Ser extranjero en un lugar como éste no es fácil, nada fácil.

Cuando decidí viajar para estar con Amanda, no tuve miedo a nada, mi obsesión por seguirla donde fuera me hizo inmune a cualquier sentimiento de peligro.

Estaba muy equivocado.

Ella es una periodista relativamente conocida, mientras que a mi se me conoce por su trabajo; soy su fotógrafo.

A eso de las cuatro de la mañana, un vuelo barato nos dejó en un casi vacío aeropuerto de Mérida, México, de donde salimos rumbo a un pueblo en el corazón de la peninsula de Yucatán, donde pasaríamos dos semanas investigando porque era el único lugar del mundo libre del terrible virus.

Una pequeña playa de aguas rosadas se abrió ante mis asombrados ojos y fue una fiesta para mi lente.

Un lugareño me sonrió y me ofreció un coco verde recién cortado.

Bebí con alegría la fresca agua y seguí mi camino tomando fotos a los hermosos flamencos que parados en una sola pata me ofrecen toda la belleza de su especie.

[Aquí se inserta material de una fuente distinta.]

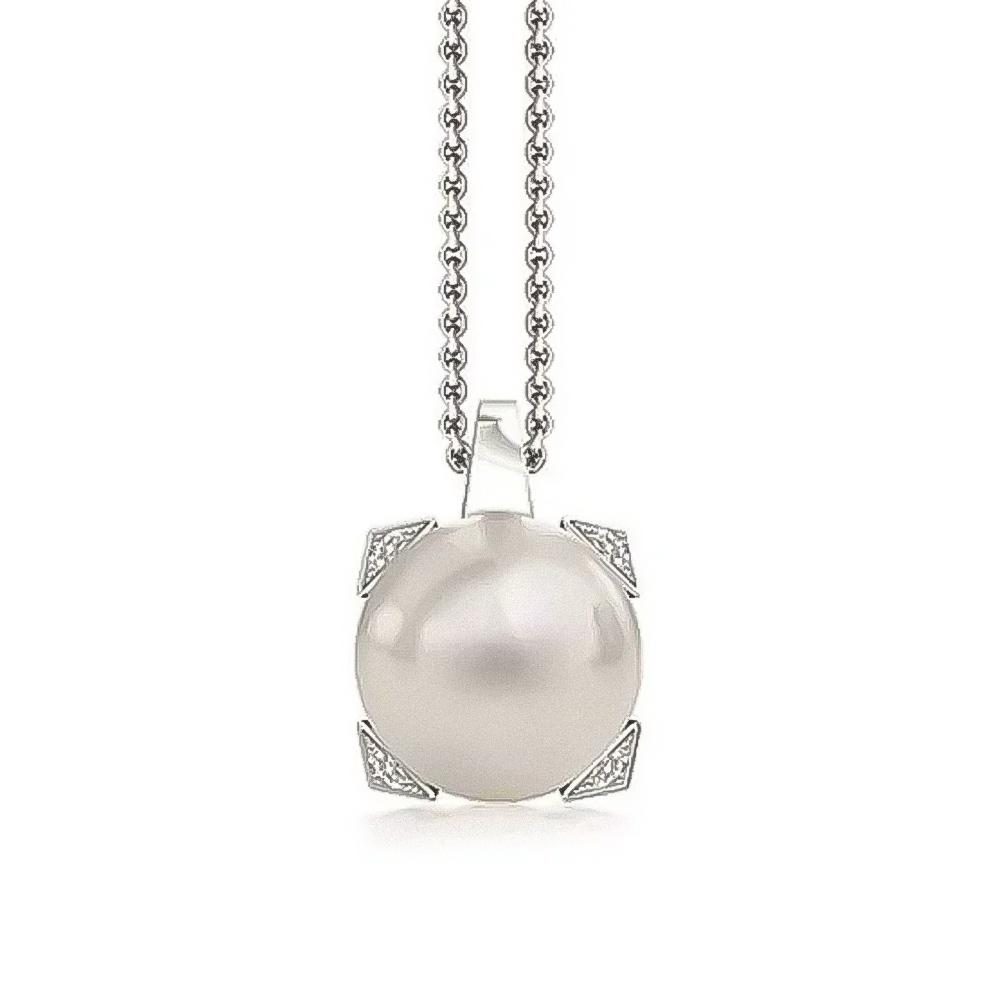 Choker with Japanese Akoya pearl Ø 8.5-9 mm and diamonds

No habían pasado ni diez minutos cuando un fuerte dolor de estómago me dobló. Tiré la cámara a un lado y corrí a evacuar en la arena, ya que el agua es demasiado salina y todo flota allí.

Un flamenco alto y soberbio me observa mientras aprieto los dientes y maldigo al coco verde.

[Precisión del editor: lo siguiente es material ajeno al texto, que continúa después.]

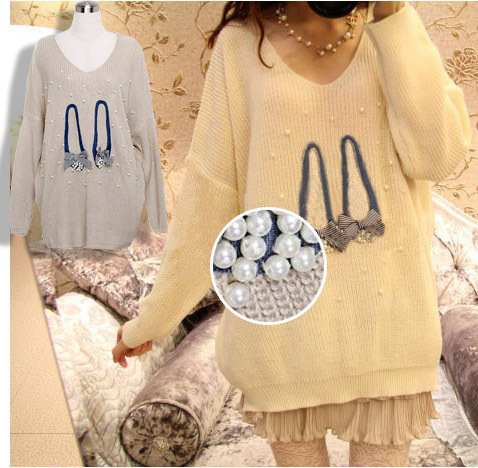 2013 autumn and winter women 521667 sweet pearl bow V-neck loose big sweater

Amanda me ve llegar cansado y no me hace caso, cree que son mañas de un hombre de primer mundo, poco acostumbrado a pasar penurias.

– ¿Alguien te ha ofrecido comida o agua por aquí? preguntó. – ¿ Te has dado cuenta lo amables que son?.

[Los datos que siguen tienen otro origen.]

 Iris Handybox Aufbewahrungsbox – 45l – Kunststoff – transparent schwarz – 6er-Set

La miré pero mi urgencia de volver al baño me impidió responder.

Después de estar dos semanas en la playa rosada con una diarrea espeluznante, llegamos a la conclusión de que la bondad desmedida de los lugareños, era la razón por la cual no enfermaban, porqué a todos ofrecían agua de coco verde y se libraban de cualquier mal.

Cómo yo, que hasta de Amanda me separé.